* _Exercise description_: Copy the data exactly, pictures aside.
──────────
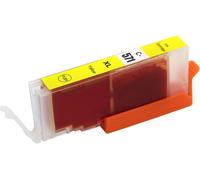 1 Cartouche d'encre Jaune pour remplacer Canon CLI-571Y Compatible/Non-OEM pour PIXMA Imprimantes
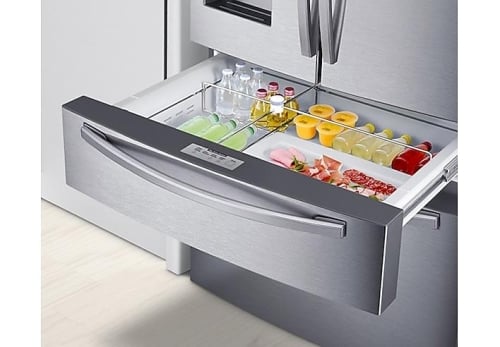 Have the most organized fridge on the block - RF25HMIDBSR Have the most organized fridge on the block - RF25HMIDBSR
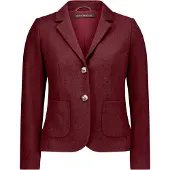 Betty Barclay Blazer rouge foncé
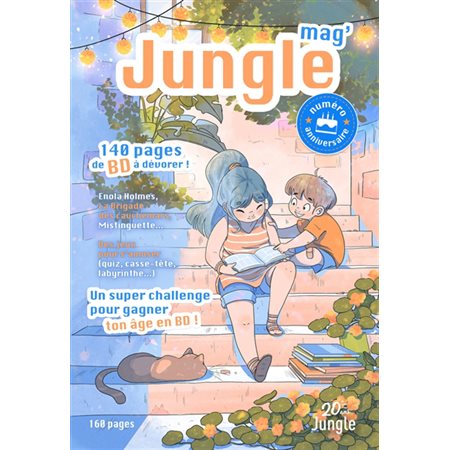 Jungle mag, n°1, Jungle mag, 1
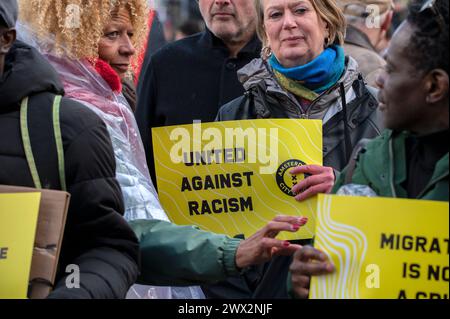 A sign from a protest against the International Monetary Fund and the ...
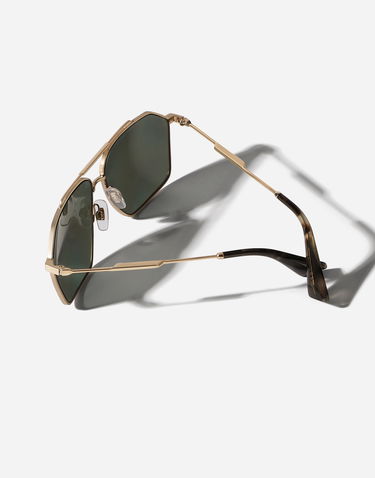 Solbriller Dolce & Gabbana Dolce & Gabbana Stefano Sunglasses Metalisk | VG2303VM29A9V000, 3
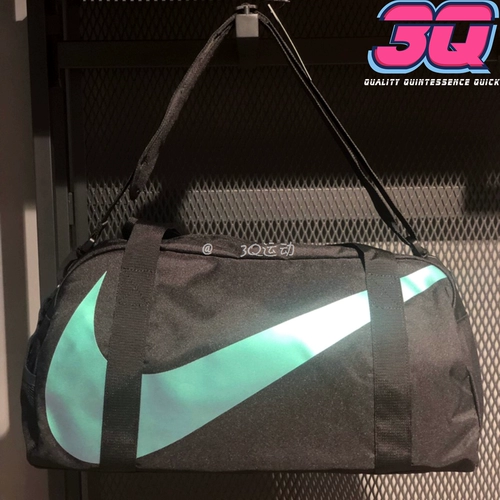 Nike, вместительная и большая спортивная сумка через плечо подходит для мужчин и женщин для путешествий, сумка на одно плечо для спортзала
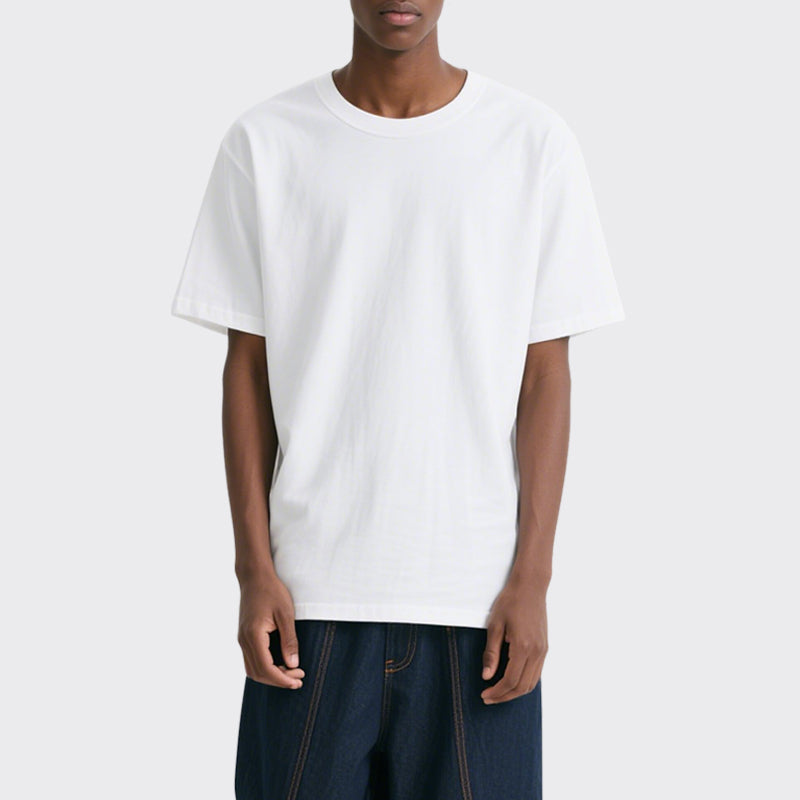 Men's T-shirt Basic T-shirt for Men Casual Relax Fit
──────────
* _Result_:
 1 Cartouche d'encre Jaune pour remplacer Canon CLI-571Y Compatible/Non-OEM pour PIXMA Imprimantes
 Have the most organized fridge on the block - RF25HMIDBSR Have the most organized fridge on the block - RF25HMIDBSR
 Betty Barclay Blazer rouge foncé
 Jungle mag, n°1, Jungle mag, 1
 A sign from a protest against the International Monetary Fund and the ...
 Solbriller Dolce & Gabbana Dolce & Gabbana Stefano Sunglasses Metalisk | VG2303VM29A9V000, 3
 Nike, вместительная и большая спортивная сумка через плечо подходит для мужчин и женщин для путешествий, сумка на одно плечо для спортзала
 Men's T-shirt Basic T-shirt for Men Casual Relax Fit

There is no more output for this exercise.